The word “Big Data” had rapidly transitioned from buzz word to reality, not only the big giants, like Facebook or Yahoo, even small companies have started adopting this technology and trying to predict the future of their business, demands and needs.
With Big Data Coming to Reality – Now What?
Decision making was a “rear view mirror” activity viz. Business Intelligence, looking at the past events that had already occurred and responding accordingly. But with increasing demand and the ability to analyze vast amounts of Big Data in real-time, decision making has now become a forward-looking event with the help of data scientists. Business executives can now see what is going on with the inventory, sales orders and information from sensors in real-time.

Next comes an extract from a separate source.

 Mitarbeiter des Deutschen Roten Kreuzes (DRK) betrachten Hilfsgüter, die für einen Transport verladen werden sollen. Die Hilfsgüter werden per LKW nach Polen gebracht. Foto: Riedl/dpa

Systems and Operations personnel can use big data analytics to infer terabytes of log files and other machine data looking for the root cause of a given problem.
How to Build a Big Data Environment?
An infrastructure that is linearly scalable and yet easy to administer is pivotal for a Big Data platform.
The primary challenge on building a big data environment would be, “Where?” Most of the organizations are chalking the pros and cons between the choices, On-Premise vs. Cloud Service. One of the understandable dilemmas for the organizations is the data leaving the premise, if the choice were to be Cloud.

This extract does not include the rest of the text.